CALDWELL, Idaho – Idaho’s wine industry has a growing audience. Problem is, they aren’t growing enough fruit in Idaho to satisfy winemakers or satiate customers.
At this point, just 1,300 acres of wine grapes are grown in the Gem State. That figure matches barely more than half the total acreage of vineyards draped across Red Mountain – the smallest American Viticultural Area in Washington.
However, there are three young and promising plantings of varying scale in the tree fruit Sunnyslope region, west of Caldwell. Each of these vineyards offers a view of the Snake River, but the players come from different backgrounds: Boise businessman Jay Hawkins, the row crop farming Weitz family and the Williamsons – respected grape growers with branches of orchardists in their family tree.

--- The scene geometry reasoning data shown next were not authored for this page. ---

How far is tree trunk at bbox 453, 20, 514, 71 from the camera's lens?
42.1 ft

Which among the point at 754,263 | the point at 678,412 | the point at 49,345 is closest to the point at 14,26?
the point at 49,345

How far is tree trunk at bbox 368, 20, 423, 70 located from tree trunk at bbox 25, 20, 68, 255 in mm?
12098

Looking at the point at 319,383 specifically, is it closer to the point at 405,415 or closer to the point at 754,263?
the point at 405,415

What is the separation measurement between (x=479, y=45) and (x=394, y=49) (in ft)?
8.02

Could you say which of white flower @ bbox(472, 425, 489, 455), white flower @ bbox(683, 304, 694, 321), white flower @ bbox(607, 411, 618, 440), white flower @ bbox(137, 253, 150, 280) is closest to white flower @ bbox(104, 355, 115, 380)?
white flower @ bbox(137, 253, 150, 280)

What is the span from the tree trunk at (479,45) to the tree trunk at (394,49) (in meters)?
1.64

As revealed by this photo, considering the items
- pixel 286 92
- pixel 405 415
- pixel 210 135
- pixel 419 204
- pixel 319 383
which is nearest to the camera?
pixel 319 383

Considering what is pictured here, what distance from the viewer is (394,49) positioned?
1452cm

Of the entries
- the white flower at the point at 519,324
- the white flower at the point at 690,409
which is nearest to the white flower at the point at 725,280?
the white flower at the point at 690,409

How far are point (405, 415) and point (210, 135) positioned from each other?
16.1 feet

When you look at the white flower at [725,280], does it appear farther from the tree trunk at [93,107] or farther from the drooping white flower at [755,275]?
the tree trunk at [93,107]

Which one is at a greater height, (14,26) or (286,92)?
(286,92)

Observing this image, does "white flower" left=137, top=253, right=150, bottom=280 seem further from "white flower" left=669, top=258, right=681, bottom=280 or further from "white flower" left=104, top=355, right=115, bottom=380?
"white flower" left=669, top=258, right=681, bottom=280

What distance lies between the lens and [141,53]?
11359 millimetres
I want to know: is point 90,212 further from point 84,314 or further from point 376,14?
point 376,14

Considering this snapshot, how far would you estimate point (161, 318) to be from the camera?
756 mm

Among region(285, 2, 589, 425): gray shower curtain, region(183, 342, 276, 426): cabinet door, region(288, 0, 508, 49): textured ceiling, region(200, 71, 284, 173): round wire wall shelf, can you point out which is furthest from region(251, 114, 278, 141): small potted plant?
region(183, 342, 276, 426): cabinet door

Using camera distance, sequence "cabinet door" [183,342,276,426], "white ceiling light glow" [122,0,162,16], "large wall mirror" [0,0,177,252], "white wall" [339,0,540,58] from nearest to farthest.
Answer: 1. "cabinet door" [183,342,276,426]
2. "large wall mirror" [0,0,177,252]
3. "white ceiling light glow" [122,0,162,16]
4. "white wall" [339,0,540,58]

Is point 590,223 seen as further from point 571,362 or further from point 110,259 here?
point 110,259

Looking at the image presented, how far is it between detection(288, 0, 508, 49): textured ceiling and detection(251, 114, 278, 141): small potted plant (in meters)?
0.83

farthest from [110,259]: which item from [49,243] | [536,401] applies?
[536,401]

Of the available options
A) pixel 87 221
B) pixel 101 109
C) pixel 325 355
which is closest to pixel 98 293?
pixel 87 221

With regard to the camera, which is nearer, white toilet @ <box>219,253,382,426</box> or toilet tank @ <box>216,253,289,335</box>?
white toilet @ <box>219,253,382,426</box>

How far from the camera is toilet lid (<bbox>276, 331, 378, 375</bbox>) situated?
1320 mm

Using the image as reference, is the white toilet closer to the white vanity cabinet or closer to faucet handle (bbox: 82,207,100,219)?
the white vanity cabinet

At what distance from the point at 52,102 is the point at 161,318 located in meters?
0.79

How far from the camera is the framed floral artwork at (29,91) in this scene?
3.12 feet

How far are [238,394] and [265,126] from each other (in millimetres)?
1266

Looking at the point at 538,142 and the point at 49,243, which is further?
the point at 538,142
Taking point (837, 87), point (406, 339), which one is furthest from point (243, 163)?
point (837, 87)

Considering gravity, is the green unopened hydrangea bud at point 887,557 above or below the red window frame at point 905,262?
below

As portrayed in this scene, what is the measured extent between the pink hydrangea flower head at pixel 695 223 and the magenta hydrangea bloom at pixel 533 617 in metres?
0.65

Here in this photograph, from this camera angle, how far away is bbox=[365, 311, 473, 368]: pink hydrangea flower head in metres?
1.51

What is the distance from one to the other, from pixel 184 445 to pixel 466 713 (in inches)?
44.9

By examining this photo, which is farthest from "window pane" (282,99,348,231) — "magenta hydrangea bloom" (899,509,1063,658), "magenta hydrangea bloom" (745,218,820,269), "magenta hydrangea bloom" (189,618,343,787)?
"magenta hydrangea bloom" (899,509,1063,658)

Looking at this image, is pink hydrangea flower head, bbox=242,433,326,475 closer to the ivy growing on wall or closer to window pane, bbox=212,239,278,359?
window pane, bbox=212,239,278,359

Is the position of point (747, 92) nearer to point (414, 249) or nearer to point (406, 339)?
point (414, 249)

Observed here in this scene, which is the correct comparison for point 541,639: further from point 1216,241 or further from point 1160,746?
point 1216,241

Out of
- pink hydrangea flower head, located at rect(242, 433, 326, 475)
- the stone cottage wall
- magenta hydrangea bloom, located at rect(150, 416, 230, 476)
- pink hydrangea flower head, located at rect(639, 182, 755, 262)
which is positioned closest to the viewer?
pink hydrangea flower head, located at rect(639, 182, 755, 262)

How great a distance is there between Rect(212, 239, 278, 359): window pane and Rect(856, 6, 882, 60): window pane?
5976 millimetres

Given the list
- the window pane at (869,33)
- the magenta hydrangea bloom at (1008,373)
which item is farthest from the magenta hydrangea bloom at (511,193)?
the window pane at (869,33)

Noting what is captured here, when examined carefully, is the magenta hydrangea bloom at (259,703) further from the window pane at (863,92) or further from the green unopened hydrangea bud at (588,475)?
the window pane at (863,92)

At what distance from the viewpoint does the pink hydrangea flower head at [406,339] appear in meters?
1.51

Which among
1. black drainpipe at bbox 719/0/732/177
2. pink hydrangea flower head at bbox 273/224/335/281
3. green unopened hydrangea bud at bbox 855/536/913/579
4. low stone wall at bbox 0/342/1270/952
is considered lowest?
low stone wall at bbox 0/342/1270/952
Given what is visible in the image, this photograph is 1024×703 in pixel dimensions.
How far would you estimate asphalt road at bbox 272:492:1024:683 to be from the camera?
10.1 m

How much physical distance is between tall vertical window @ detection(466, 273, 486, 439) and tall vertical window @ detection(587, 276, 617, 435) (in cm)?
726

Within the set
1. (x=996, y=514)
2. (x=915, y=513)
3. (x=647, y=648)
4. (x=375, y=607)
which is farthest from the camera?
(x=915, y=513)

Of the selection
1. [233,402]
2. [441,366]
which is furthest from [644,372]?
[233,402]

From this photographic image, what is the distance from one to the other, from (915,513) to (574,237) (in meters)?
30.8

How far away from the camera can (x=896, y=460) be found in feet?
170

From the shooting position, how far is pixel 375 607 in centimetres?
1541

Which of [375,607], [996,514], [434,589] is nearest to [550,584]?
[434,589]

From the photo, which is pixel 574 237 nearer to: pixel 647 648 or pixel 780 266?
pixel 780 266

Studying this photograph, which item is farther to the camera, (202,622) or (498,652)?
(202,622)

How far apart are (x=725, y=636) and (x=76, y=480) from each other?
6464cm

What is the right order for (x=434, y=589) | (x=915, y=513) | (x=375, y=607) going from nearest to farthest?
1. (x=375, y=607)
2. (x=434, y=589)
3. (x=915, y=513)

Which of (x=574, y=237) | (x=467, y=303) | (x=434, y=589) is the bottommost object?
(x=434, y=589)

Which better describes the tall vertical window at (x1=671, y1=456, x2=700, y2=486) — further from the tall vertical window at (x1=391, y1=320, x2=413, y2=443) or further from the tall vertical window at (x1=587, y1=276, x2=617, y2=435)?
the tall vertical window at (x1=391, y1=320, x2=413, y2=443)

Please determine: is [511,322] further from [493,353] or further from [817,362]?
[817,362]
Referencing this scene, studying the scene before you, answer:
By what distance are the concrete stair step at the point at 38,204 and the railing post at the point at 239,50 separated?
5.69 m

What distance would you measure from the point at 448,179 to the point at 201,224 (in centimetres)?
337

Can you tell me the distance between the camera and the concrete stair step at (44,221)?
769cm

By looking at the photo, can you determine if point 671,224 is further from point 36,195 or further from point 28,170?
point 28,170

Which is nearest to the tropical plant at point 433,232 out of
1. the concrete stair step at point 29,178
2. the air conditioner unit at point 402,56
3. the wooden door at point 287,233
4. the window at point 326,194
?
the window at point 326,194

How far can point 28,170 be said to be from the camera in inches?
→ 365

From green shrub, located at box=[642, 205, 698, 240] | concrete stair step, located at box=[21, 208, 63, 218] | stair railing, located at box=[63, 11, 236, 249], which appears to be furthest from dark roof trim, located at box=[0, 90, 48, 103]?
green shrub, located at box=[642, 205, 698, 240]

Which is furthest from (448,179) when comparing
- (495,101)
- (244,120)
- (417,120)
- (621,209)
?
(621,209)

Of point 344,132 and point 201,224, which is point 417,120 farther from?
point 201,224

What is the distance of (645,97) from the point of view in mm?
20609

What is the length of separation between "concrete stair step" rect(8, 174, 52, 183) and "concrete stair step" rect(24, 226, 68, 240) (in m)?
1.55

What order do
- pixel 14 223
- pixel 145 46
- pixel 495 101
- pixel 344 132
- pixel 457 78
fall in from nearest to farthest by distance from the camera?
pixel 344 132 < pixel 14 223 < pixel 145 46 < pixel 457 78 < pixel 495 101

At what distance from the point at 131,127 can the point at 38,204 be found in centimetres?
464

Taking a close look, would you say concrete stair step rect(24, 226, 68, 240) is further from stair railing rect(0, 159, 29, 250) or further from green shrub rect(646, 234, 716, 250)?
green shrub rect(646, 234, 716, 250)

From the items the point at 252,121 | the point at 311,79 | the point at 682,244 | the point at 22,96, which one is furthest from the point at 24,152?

“It’s been a bit grim around here for quite a few years because nobody was talking about planting grapes until the Weitz family came along,” winemaker Greg Koenig told Great Northwest Wine. “We didn’t expect to outstrip the supply of grapes in Idaho, and then the price of grapes was so low that nobody wanted to grow grapes. It was a vicious cycle that’s been tough to break out of.”
Gregg Alger, who chairs the Idaho Wine Commission and owns Huston Vineyards in Caldwell, said, “Those are the three biggest planting changes that we’ve had in Idaho for a while. Things need to happen here.”
And these new vines give the industry perhaps its most important talking point as the commission’s annual meeting begins Wednesday in Boise.